Motion Practice series on AO3

This work provides examples of:

  • Alternate Universe Fic: Contextual Reassignment subtype. All the characters you love, but they're lawyers instead of superheroes.
  • Amoral Attorney: Loki Laufeyson.
  • Cast Full of Gay: The flagship pairings of the series, featured in five of the seven major stories, are Clint Barton/Phil Coulson and Bruce Banner/Tony Stark, with a disproportionate number of slash and femslash ships (Bucky Barnes/Steve Rogers, Pepper Potts/Natasha Romanov, etc.) in the supporting cast as well. By the time Jasper Sitwell and Maria Hill get together, in the only het relationship to be the focus of a major story, the series is lampshading it, with one of Sitwell's out-of-town sisters teasing that she wouldn't have been surprised if he'd turned out to be gay because there's apparently something in the water in Suffolk County.
  • Character Tics: At least once a story, someone will roll their lips together to express (or suppress) an emotion.
  • Cloud Cuckoo Lander: Wade Wilson is a legal aid lawyer with no brain->mouth filter and no dress sense.
  • Fictional Province: The series is set in the fictional Suffolk County, somewhere in the Midwest. The stories themselves are deliberately vague about where Suffolk County is, exactly; Word of God says it's in a fictional state carved out of parts of south-eastern Nebraska and north-eastern Kansas.
  • Flash Forward: "Judicial Conduct", which focusses on the Suffolk County judges, ends with a flash forward to 2019 and "newly minted Judge Phillip J. Coulson".
  • Foster Kid: There are several in the stories featuring Bruce Banner, whose legal focus is child protection, and particularly in Permanency and Chain of Custody, where he takes on foster children himself. He's a good foster parent; some of the others we hear about, less so.
  • Happily Married: Steve and Bucky. Most of the other couples are mainly happy, but not immune from drama.
  • Hollywood Law: Every story with a significant amount of legal action in it has a disclaimer noting that the legal processes depicted may have been altered for the sake of drama, and should not be relied on as having any resemblance to real life. Some individual chapters have notes pointing out specific instances (such as the investigation in Harmless Error being tweaked to give the main characters more to do than sit back and wait for the results).
  • Idiosyncratic Episode Naming: All the major stories are named after legal terms.
  • Office Romance: A mainstay of the series. As of Harmless Error, pretty much everyone in the DA's office is paired up with another denizen of the Suffolk County Legal Complex.

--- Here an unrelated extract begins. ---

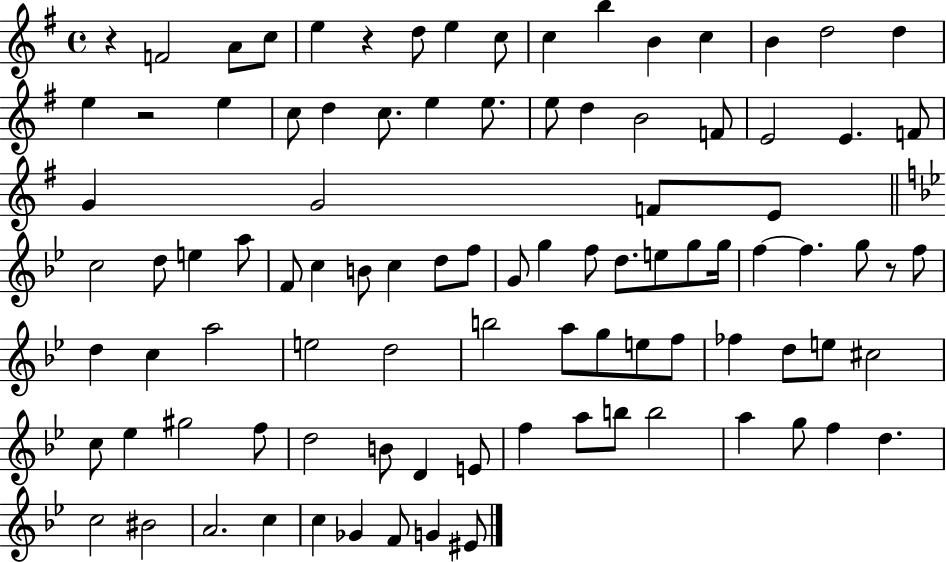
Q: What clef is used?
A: treble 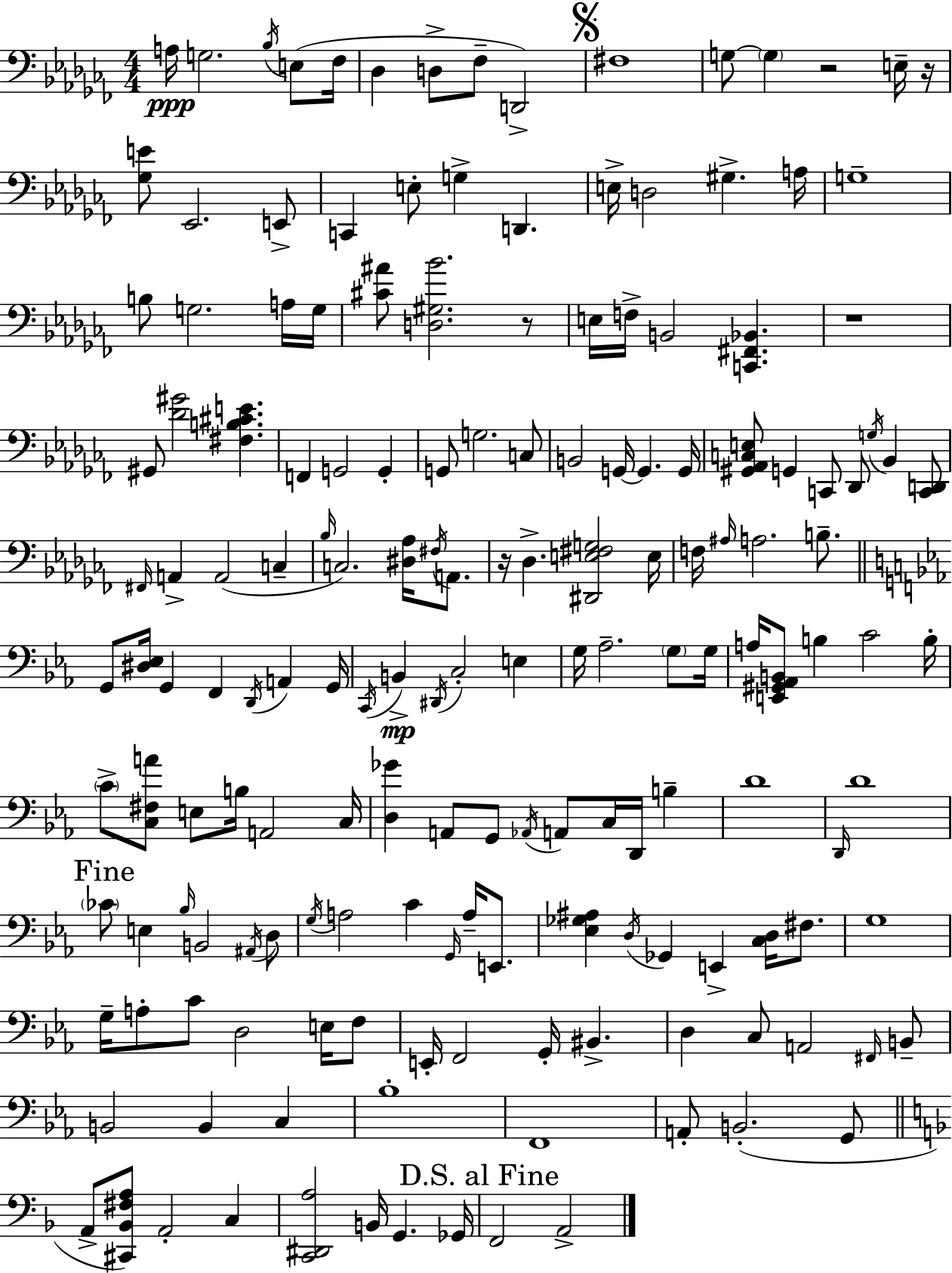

  • Ominous Legal Phrase Title: Played with; the full-length works all have legal phrase titles, but most of them aren't all that ominous. This suits the fact that, although the stories revolve around a cast of lawyers, they tend to be as much about the characters' tangled private lives as about legal thriller stuff.
  • Scrapbook Story: "The Eight-Hour Postponement" is told entirely in text messages.
  • Shout-Out: When the MPU version of Robert Gonzales, Edward James Olmos's character in Agents of S.H.I.E.L.D., turns up in Sua Sponte, he has a family composed of characters from Battlestar Galactica.
  • Side Bet:
    • Whatever the actual or rumored relationship drama, Tony Stark can be found running a betting pool on the outcome. In Harmless Error, after Maria Hill learns that he's running a pool on if and when she'll invite Jasper Sitwell to move in with her, she chooses her moment according to who she'd rather see win the pool.
    • "Judicial Conduct" reveals that the judges' lounge usually has its own betting pool running, with Judge Ilsa Smithe in charge of it.
  • "Stuck at the Airport" Plot: In "The Eight-Hour Postponement", bad weather strands a group of travelers at an airport for eight hours, leaving Bruce as the responsible adult for a small child, two teenagers, and Tony Stark.